Biological Foundation
Secondary succession doesn't start from zero biologically. Surviving root systems can resprout, soil microorganisms (bacteria, fungi) are still active, and animals that fled the disturbance can return quickly.
Primary succession has none of this. Every organism must arrive from outside the site, whether carried by wind, water, or animals. There are no surviving roots, no fungal networks, no soil invertebrates. The biological community builds entirely from scratch.
This is why secondary succession often skips the pioneer species stage. The biological infrastructure that pioneers spend centuries building is already in place.
Community Composition and Diversity
- Secondary succession typically shows higher species diversity from the very beginning, thanks to the seed bank and surviving organisms.

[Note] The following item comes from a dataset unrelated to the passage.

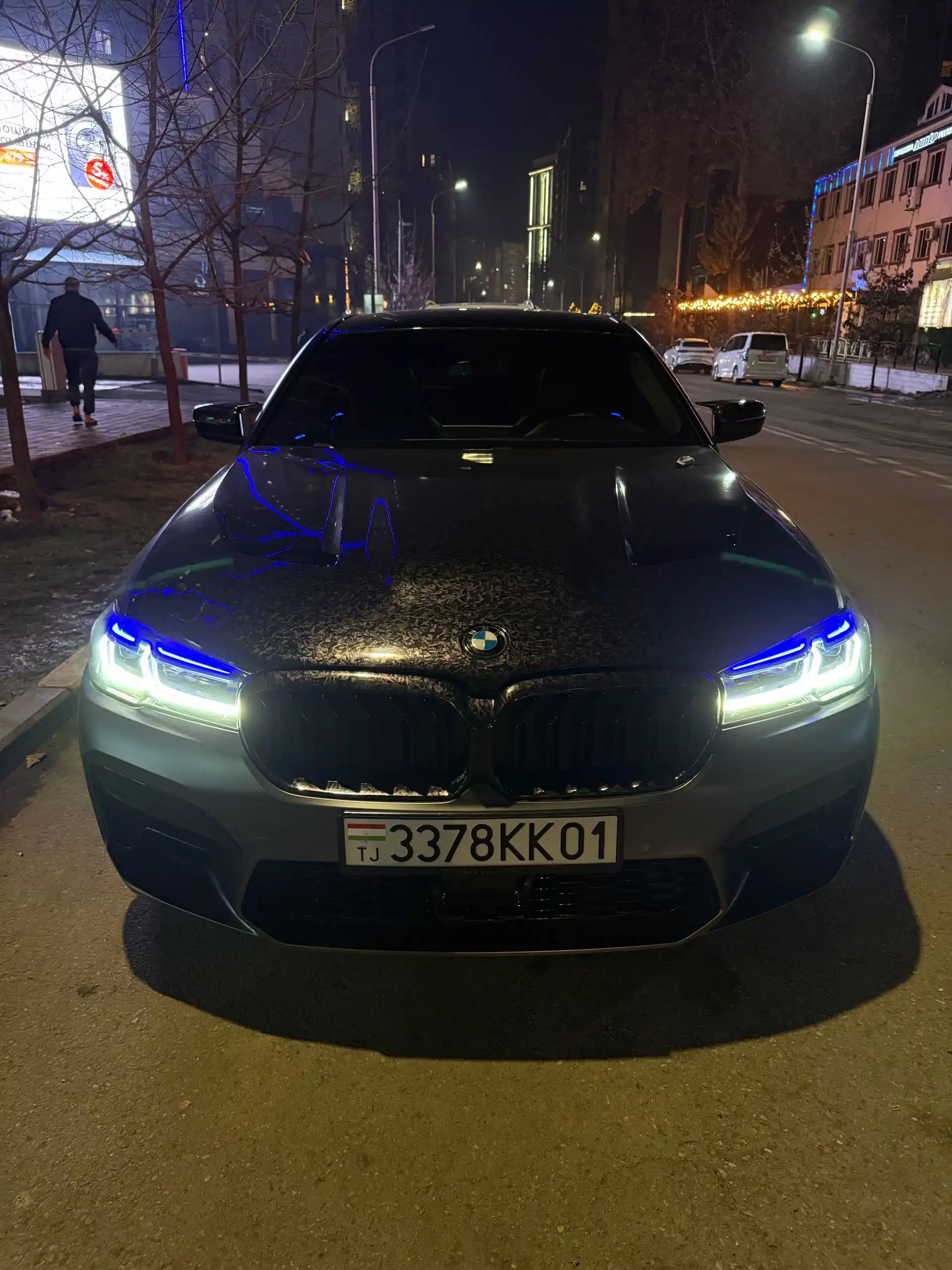 BMW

- Primary succession starts with just a handful of pioneer species and diversifies gradually as habitat conditions improve.

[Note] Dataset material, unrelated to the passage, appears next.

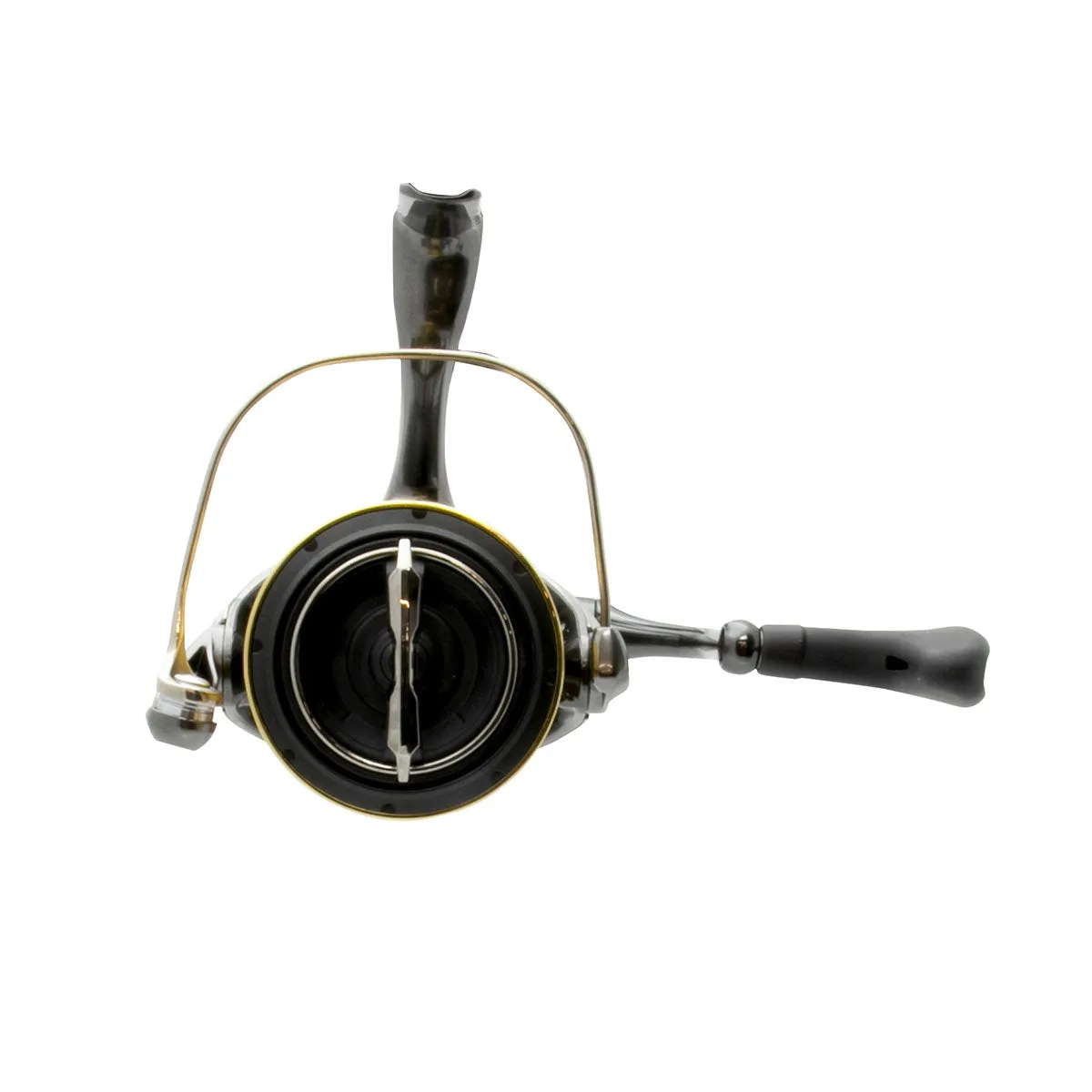 Shimano Twin Power FD Spinning Reel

- Both converge on a climax community over time, but secondary succession gets there faster and with a more diverse cast of species along the way.

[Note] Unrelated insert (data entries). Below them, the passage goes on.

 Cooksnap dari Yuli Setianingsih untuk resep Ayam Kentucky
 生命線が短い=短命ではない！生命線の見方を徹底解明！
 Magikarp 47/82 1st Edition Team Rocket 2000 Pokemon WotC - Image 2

Factors Influencing Succession
Environmental Factors
Local environmental conditions shape which species can establish and how fast succession proceeds:
- Climate (temperature, precipitation, seasonality) determines the pool of species that can survive at a site.
- Soil characteristics like texture, pH, and nutrient content control which plants can establish. Acidic soils favor different species than alkaline ones.
- Topography matters more than you might expect. A north-facing slope stays cooler and moister than a south-facing slope at the same elevation, and the two can follow noticeably different successional paths.
- Elevation affects temperature and precipitation patterns, which is why succession on a mountaintop looks very different from succession in a valley.
Disturbance Regimes
Disturbances aren't just interruptions to succession; they're a normal part of how ecosystems function. What matters is their frequency, intensity, and scale.
- Frequent, low-intensity disturbances (like regular ground fires) can maintain an ecosystem in a mid-successional state rather than letting it reach climax.
- Some species are adapted to specific disturbance regimes. For example, lodgepole pines have serotinous cones that stay sealed shut until the heat of a fire melts the resin, releasing seeds onto freshly cleared ground.
- Flooding frequency shapes succession in riparian zones, favoring species that tolerate periodic inundation.
Biotic Interactions
Organisms don't just respond to succession; they drive it.
- Facilitation: Some species modify the environment in ways that help later species establish. Nitrogen-fixing alders improve soil fertility, making it possible for other trees to grow. Nurse plants in deserts provide shade and moisture that seedlings need to survive.
- Competition: As resources become limited, competitive species outcompete early colonizers, shifting community composition.
- Herbivory: Heavy grazing or browsing can slow succession by killing young plants, while reduced herbivory can speed it up.
- Symbioses: Mycorrhizal fungi form partnerships with plant roots, dramatically improving nutrient uptake. Plants with strong mycorrhizal networks often establish more successfully during succession.
Human Interventions
Humans are now one of the most powerful forces shaping succession.
- Prescribed burning maintains fire-dependent ecosystems like longleaf pine savannas, preventing succession from converting them to closed-canopy forest.
- Ecological restoration projects actively guide succession by planting native species, removing invasives, and restoring soil conditions.
- Invasive species can derail succession entirely. A fast-spreading invasive grass, for example, can dominate a site and prevent native shrubs and trees from establishing.
- Abandoned agricultural fields undergo secondary succession, but the direction depends heavily on what's in the soil. Fields with depleted, compacted soil and non-native seed banks may follow very different trajectories than fields abandoned with richer soil.